Tyco is suing both men to force them to return much of the money.

Recent corporate scandals have prodded many corporate boards to take a harder look at executive pay. “There has been a real wake-up call for boards to see what has been going on underneath their noses all these years,” said Robin Ferracone, a partner at Mercer Human Resource Consulting.

More shareholders are pressuring for change, too. Through mid-April, 316 shareholder resolutions focused on executive pay had been filed at U.S. companies, up from 106 last year, according to the Investor Responsibility Research Center.

Golden era gone

The heightened awareness and public attention will eventually drag down executive paychecks, predicted Pearl Meyer, chairman of Pearl Meyer & Partners, an executive compensation consulting firm. “The golden era of executive compensation is gone,” she said.

Some companies became more frugal last year, including Georgia Pacific Corp., which decided not to pay its CEO, Alston Correll, a $2 million bonus he had earned under an incentive plan because of stock market losses its shareholders suffered.

American Electric Power Co. Inc., which runs utilities in 11 states, made a similar move, withholding the 2002 bonus earned by CEO E. Linn Draper Jr. “due to the company’s overall financial performance.” The Ohio company lost $519 million last year and its stock plunged 37 percent.

Other executives voluntarily relinquished bonuses. James Sinegal, the CEO of discount merchant Costco Wholesale, refused to take a bonus for the second consecutive year, making do with total compensation of just under $374,000.

Other top executives who denied themselves bonuses in 2002 included Citigroup Inc.’s Sanford Weill, FleetBoston Financial Corp.’s Charles Gifford and Charles Schwab Corp.’s co-CEOs, David Pottruck and Charles Schwab.
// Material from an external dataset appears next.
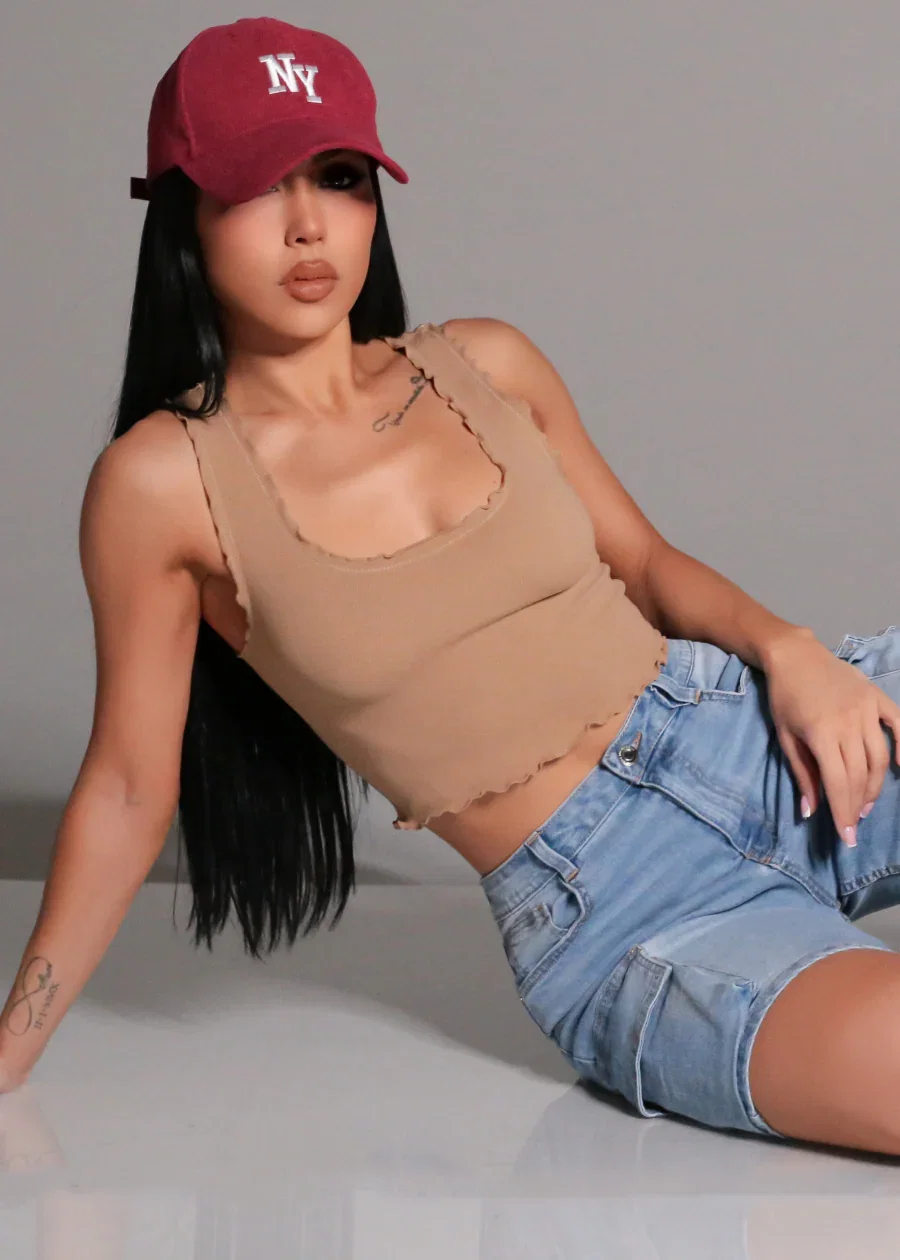 Image of Stretch Seamless Scoop Neck Crop Top Light Brown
Pottruck and Schwab also surrendered 5.4 million stock options — many of them currently worthless.

But PG&E Corp., which owns a Northern California utility that has been in bankruptcy for two years, gave CEO Robert Glynn Jr. a bonus of $787,500 despite losing $874 million in 2002 and seeing its stock shed 28 percent of its value.

For many executives, stock options distributed in previous years remained valuable, despite the market’s downfall.

Alfred Lerner, who was CEO of credit card giant MBNA Corp., realized a $168.9 million gain on stock options before he died in October, representing the biggest windfall in Aon Consulting’s survey. MBNA also paid a posthumous bonus of $6 million to Lerner’s estate.

Executives continued to collect “golden parachutes” when they left jobs, as well as lucrative “golden hellos” when they accepted new assignments.

Michael Capellas, who is trying to resurrect bankrupt WorldCom, capitalized on both trends last year. He got a $23 million severance package after resigning as Hewlett Packard’s president in November, then joined WorldCom in a deal expected to pay him at least $20 million in three years.